人を助けるとはどういうことか エドガー・H・シャイン 著 ネタバレ
人を助けるとはどういうことか
HELPING How to Offer, Give, and Receive Help
エドガー・H・シャイン 著
を読ませてもらった。
ネタバレを含むが、助けるということをあらためて考えさせられたいい本だったのでご紹介したい。
一見簡単そうな支援でも、どのようにふるまうのが相手にとってヘルプフルなのかを常に考えながら支援することが大切だ。
私たちは、相手が何を求めているのか分からないのに、独りよがりな支援をしようとする。
まず、何をなさりたいのですかと質問することが大切だ。
必要でもなければ望まれてもいないときに支援してはいけないのだ。
逆に、長期に支援が必要なのに途中で辞めてはいけないのだ。
つまり、相手の求めるものを支援しなくてはいけない。
支援は社会的プロセスだ。
何がなされるかではなくどのようになされるかが大切だ。
相手のことを本当に思えば、返礼をさせない自然な形の支援が望ましい。
ましてや、恥をかかせたり、面目を潰すようなことをしてはならない。それがたとえどんなにその人のためになりそうなことであっても。
支援とは、社会的な通貨だ。
英語でも、ペイという。
注意を払う
敬意を払う
賛辞を送る(ペイザバイパー)
良い形で、周囲に支援をすることが信頼関係を築くことにつながる。
支援をマウントに使ってはいけない。
支援をしたことで、たとえ意図はないとはいえ、自分の優位にしてはいけないのだ。
支援をする側は特に、礼儀を大切にする必要がある。
敬意と品行をもって接することがとても大切なのだ。
自分を一段低い位置に身をおくことともいえる。
ワンダウン に身を置く。
そうすることで、できるだけ支援者と非支援者の差をなくす。
支援する側とされる側は、平等ではない。
支援する側は、上の立場となるからそれを理解して接することが大切だ。
支援をするときは、助けて欲しい人が、本当は何を助けて欲しいのか深く想像することが大切だ。問題を解決して欲しいのではなく、共感して欲しいだけかもしれない。
真の問題が何かを知ることが大切だ。
支援を求めることによって相手の注意を向けさせたいだけなのかもしれない。
何らかの理由で支援を求める人は、全てを話してくれないかもしれない。
支援者は、いかにクライアントのことを知らないのかを知った上で進めるべきだ。
そして、本当にクライアントが心を開くのは、信頼関係が築かれた後になる。
答えを伝えることが支援ではないことも多い。
自分で見つけ解決することを遠回しに支援する方法もある。
相手の気持ちを聞き出すのには、控えめな質問も有効だ
具体的には、
どうなっているのか教えてください
続けてください
どうされましたか
全てお話しいただきましたか
他にも何か思い出しますか
などの質問だ。
実行しようとしていることにフォーカスしてもらうのも有効だ。
自分でできていることに気づいてもらうのだ。
何かを提案したり、答えを教えようとすることは、マウントをとりがちになる。
だからこそ、自分で見つけてもらうための質問をうまくすることが大切だ。
なぜという質問は、時には強すぎることもある。
気をつけて使ったほうがいい
相手の気づきを促す過程で、私にとっては大したことではなくても、クライアントにとってみれば大きな気づきということも往々にしてある。

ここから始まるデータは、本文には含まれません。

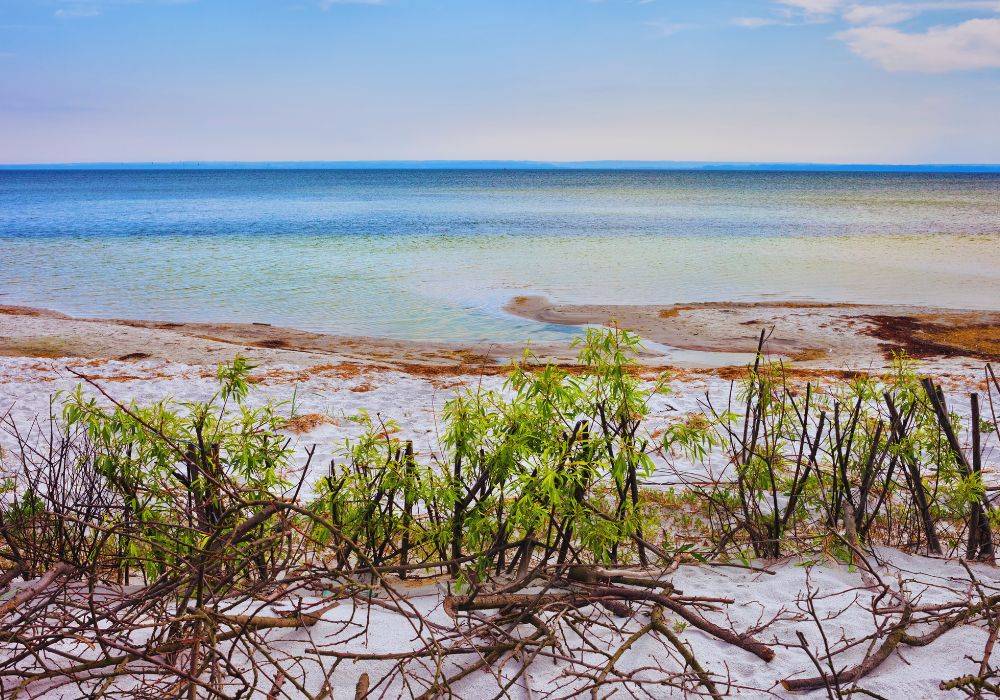 Plaża w Jastarni / fot. Canva.com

クライアントの様子を感じながら、支援することが大切だ。
常に、控えめな質問をうまく使うことが大切だ。
大体終わったなと思った時でも、
もう少し、気持ちを軽くするために何かできることはありませんか?
などと言った質問をする。
支援しようとする努力がうまく受け入れられないこともある。
支援する側、される側、気持ちの準備が整っている場合はうまくいくが、どちらかの準備が整っていないときはうまくいかないのだ。
不用意な励ましは最小限ん意志なければいけない。
わかったつもりにならず、これはあなたの問題なので、私は完全にわかるわけじゃないというスタンスで構わない。
答えを見つけ出すのは、クライアント自身だ。
プロセスの支援であって、答えそのものを与えるわけではない。
自立しつつお互いに共同できる信頼関係を築けたら素敵だ。
誰もが誰かに頼られる存在になっている。
自然な形で支援したりされたりする。
そんな素敵な人間関係の中で過ごしたい。